Respiratory complications are common with cervical spine injuries. The extent of the respiratory derangement is associated with the level of the injury to the cervical spine. Diaphragmatic paralysis occurs with injuries at C4 or above. This will necessitate ventilatory support. Although injuries at C5 or below spare the phrenic nerve and therefore diaphragmatic breathing, expiratory reserve may be adversely affected secondary to accessory muscle paresis. This may be further compounded by the respiratory depressant effects of alcohol and/or illicit drugs and any concomitant injuries to the brain, chest, or abdomen. Respiratory function may also be impaired because of pulmonary edema. This is secondary to pulmonary capillary damage and left ventricular dysfunction associated with the acute transient hypertension that frequently follows a spinal cord injury.

Cervical Airway Injury

Injuries to the cervical airway may result from blunt or penetrating trauma. The incidence of these injuries is low. Blunt trauma to the airway from a direct blow to the cervical airway or from severe flexion-extension injuries may result in a thyroid, cricoid, or laryngeal cartilage fracture, or laryngotracheal separation.¹³ A fracture of the thyroid cartilage is frequently associated with edema. Stridor, dyspnea, dysphagia, odynophagia, or gurgling may be suggestive of swelling of the airway. A muffled voice, hoarseness, or inability to speak may also be suggestive of a laryngeal fracture. A fracture of the cricoid cartilage is less common. It is frequently associated with an injury to the recurrent laryngeal nerve. Injury to this nerve results in vocal cord paralysis. Vocal cord paralysis impairs the ability to protect the airway, which can lead to pulmonary aspiration. Although the incidence of a cricoid cartilage fracture is rarer, there is a mortality of 43% associated with this injury compared with 11% seen with a thyroid fracture.^14,15 Up to 70% of patients sustaining blunt airway trauma have a concurrent cervical spine injury.¹⁶

Thermal and Inhalation Injury

Thermal and/or inhalation injury to the airway must be suspected in any patient presenting with a history of exposure to fire or smoke. Injury to the respiratory system may extend from the mouth to the alveoli. The heat and noxious chemicals from exposure to fire or smoke can produce upper airway edema, resulting in airway obstruction, periglottic edema, which potentially impairs laryngeal function, resulting in compromised protection of the lower airway, chemical injury, resulting in impaired pulmonary gas exchange, and carbon monoxide and cyanide toxicity. Patients with facial burns or a history of being in an enclosed space with a fire or smoke have a high risk of developing airway damage.
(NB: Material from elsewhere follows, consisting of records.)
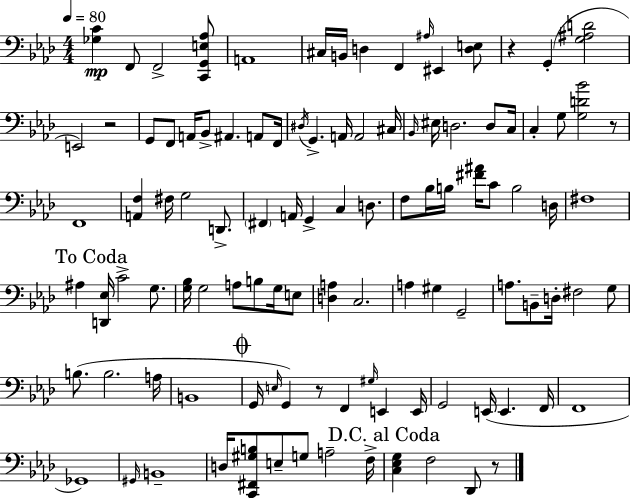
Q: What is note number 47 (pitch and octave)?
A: A#3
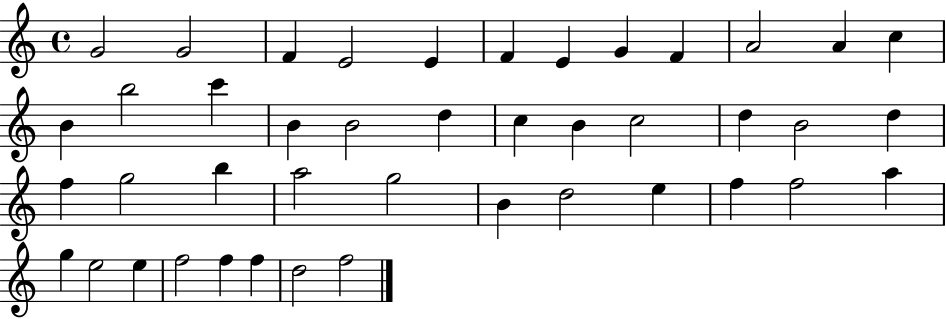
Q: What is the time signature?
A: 4/4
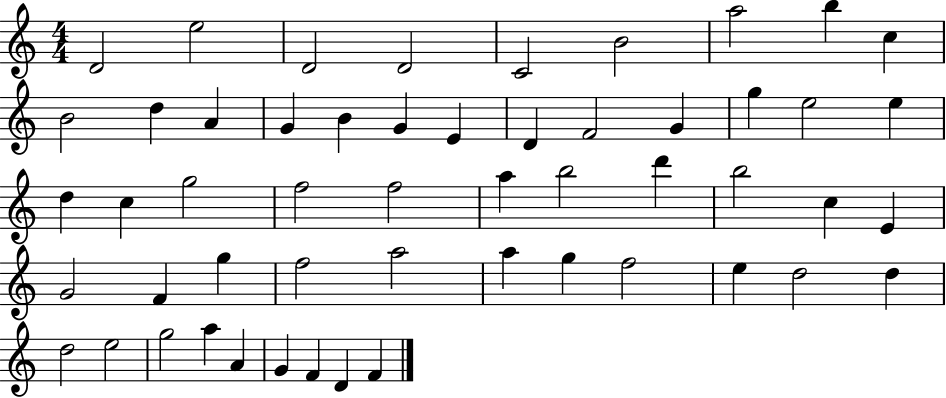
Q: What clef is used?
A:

When the patient presents with a risk of thermal or inhalation injury, the examination must include looking for signs such as facial burns, singed facial hair, and/or carbonaceous debris in the nasal or oral secretions. These may be the only indications of potential respiratory problems because some patients may not demonstrate respiratory dysfunction on initial presentation. However, approximately 15% to 30% of burn patients develop some degree of respiratory dysfunction.17,18 Other early physical findings include wheezing, cough, dysphonia, and hoarseness. Upper airway edema, which may appear unremarkable initially, is an early contributing factor to respiratory distress. Within 2 hours, it may become notable, progressively worsening and necessitating intubation within 4 to 8 hours.¹⁹ The pediatric patient’s airway, with its relatively smaller diameter, is more susceptible to airway obstruction because any edema will have a more profound effect on airway patency. Late complications, such as parenchymal lung damage, may take several days to develop.
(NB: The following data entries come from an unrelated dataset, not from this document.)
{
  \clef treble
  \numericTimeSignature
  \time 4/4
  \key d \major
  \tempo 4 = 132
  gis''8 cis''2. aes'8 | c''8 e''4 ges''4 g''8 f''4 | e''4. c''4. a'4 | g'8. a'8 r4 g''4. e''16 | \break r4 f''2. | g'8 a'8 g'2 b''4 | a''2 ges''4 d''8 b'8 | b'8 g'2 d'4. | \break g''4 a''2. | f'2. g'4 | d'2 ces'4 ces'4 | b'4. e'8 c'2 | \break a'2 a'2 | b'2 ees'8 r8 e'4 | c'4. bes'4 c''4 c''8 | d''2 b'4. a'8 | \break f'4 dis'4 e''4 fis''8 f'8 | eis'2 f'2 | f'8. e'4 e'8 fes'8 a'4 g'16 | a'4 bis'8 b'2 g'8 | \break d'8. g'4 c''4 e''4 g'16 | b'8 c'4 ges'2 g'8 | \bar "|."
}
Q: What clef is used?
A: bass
Periodic examination over the first 12 to 24 hours should be done to assess the severity of the injury. Fiber optic laryngoscopy and bronchoscopy will provide direct visualization of the periglottic region and lower airways, respectively. Serial ABGs and pulmonary function tests may also aid in assessing and differentiating upper from lower airway obstruction and pulmonary injury.
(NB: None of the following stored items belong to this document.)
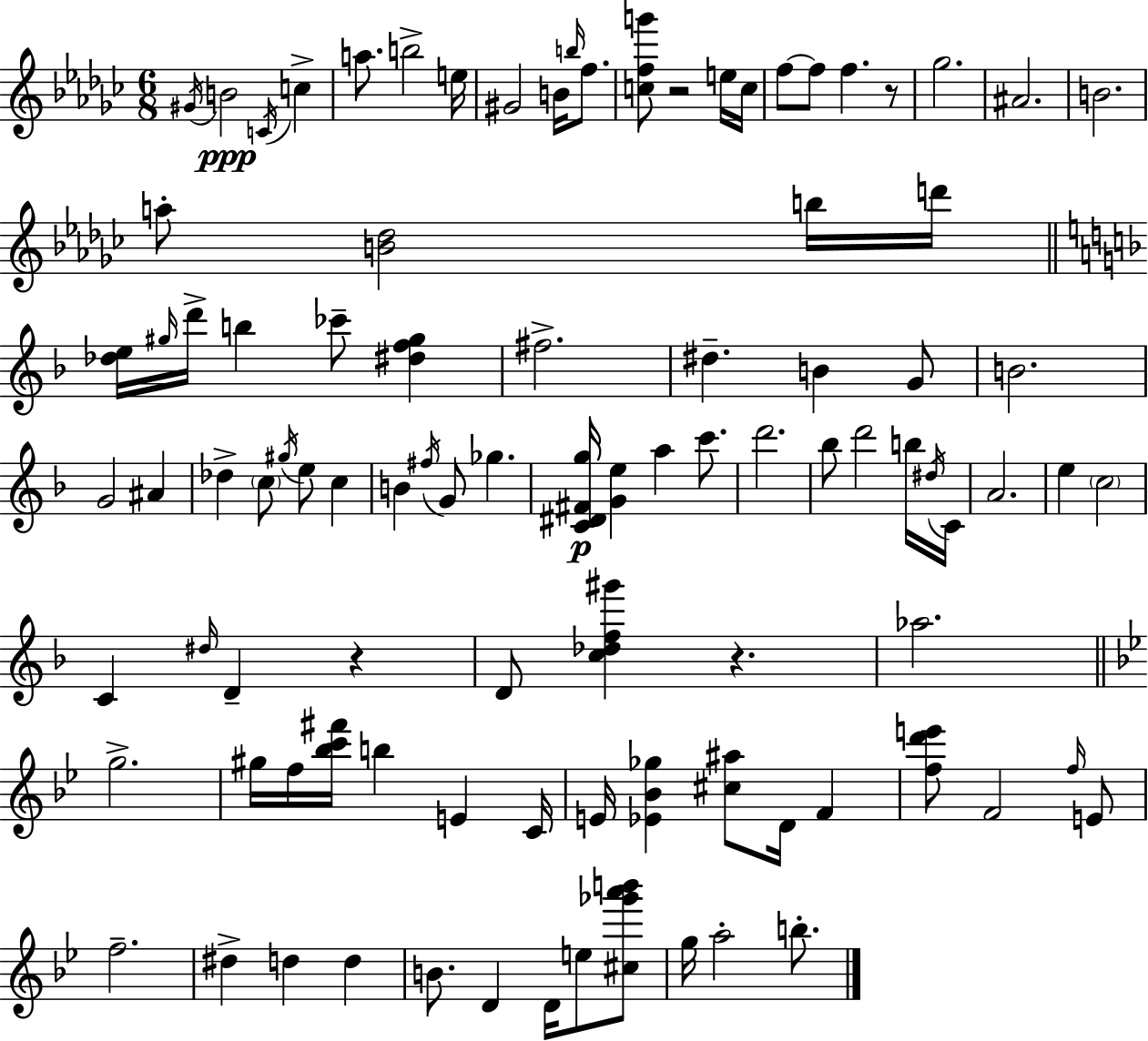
{
  \clef treble
  \numericTimeSignature
  \time 6/8
  \key ees \minor
  \acciaccatura { gis'16 }\ppp b'2 \acciaccatura { c'16 } c''4-> | a''8. b''2-> | e''16 gis'2 b'16 \grace { b''16 } | f''8. <c'' f'' g'''>8 r2 | \break e''16 c''16 f''8~~ f''8 f''4. | r8 ges''2. | ais'2. | b'2. | \break a''8-. <b' des''>2 | b''16 d'''16 \bar "||" \break \key d \minor <des'' e''>16 \grace { gis''16 } d'''16-> b''4 ces'''8-- <dis'' f'' gis''>4 | fis''2.-> | dis''4.-- b'4 g'8 | b'2. | \break g'2 ais'4 | des''4-> \parenthesize c''8 \acciaccatura { gis''16 } e''8 c''4 | b'4 \acciaccatura { fis''16 } g'8 ges''4. | <c' dis' fis' g''>16\p <g' e''>4 a''4 | \break c'''8. d'''2. | bes''8 d'''2 | b''16 \acciaccatura { dis''16 } c'16 a'2. | e''4 \parenthesize c''2 | \break c'4 \grace { dis''16 } d'4-- | r4 d'8 <c'' des'' f'' gis'''>4 r4. | aes''2. | \bar "||" \break \key g \minor g''2.-> | gis''16 f''16 <bes'' c''' fis'''>16 b''4 e'4 c'16 | e'16 <ees' bes' ges''>4 <cis'' ais''>8 d'16 f'4 | <f'' d''' e'''>8 f'2 \grace { f''16 } e'8 | \break f''2.-- | dis''4-> d''4 d''4 | b'8. d'4 d'16 e''8 <cis'' ges''' a''' b'''>8 | g''16 a''2-. b''8.-. | \break \bar "|."
}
Carbon monoxide and cyanide are products of combustion; both cause tissue hypoxia. Hypoxia secondary to carbon monoxide toxicity occurs because carbon monoxide has a 250 times greater affinity for hemoglobin compared with oxygen. This displaces oxygen from its hemoglobin binding site and results in a lower oxygen-carrying capacity and lower blood oxygen content. The oxyhemoglobin dissociation curve is also shifted to the left. The leftward shift of the oxyhemoglobin dissociation curve results in less oxygen being released to the peripheral tissue.²⁰

Monitoring oxygen saturation by pulse oximetry is inaccurate because these devices do not differentiate between oxyhemoglobin and carboxyhemoglobin.21,22 Serum carboxyhemoglobin levels should be obtained to establish the actual level of carbon monoxide present. Carboxyhemoglobin levels less than 20% cause headache and possible confusion. Carboxyhemoglobin levels between 20% and 40% present symptoms that include nausea, vomiting, disorientation, and visual impairment. Levels between 40% and 60% result in agitation, hallucinations, and coma, whereas levels greater than 60% are fatal.²³ The half-life of carboxyhemoglobin is 4 hours. Oxygen therapy is indicated. The administration of 100% oxygen can shorten the half-life of carboxyhemoglobin to less than 1 hour. Hyperbaric oxygen (HBO) therapy has been recommended for carboxyhemoglobin levels of 30% or higher.²⁴ Patients with neurologic symptoms should be considered for HBO regardless of their carboxyhemoglobin level.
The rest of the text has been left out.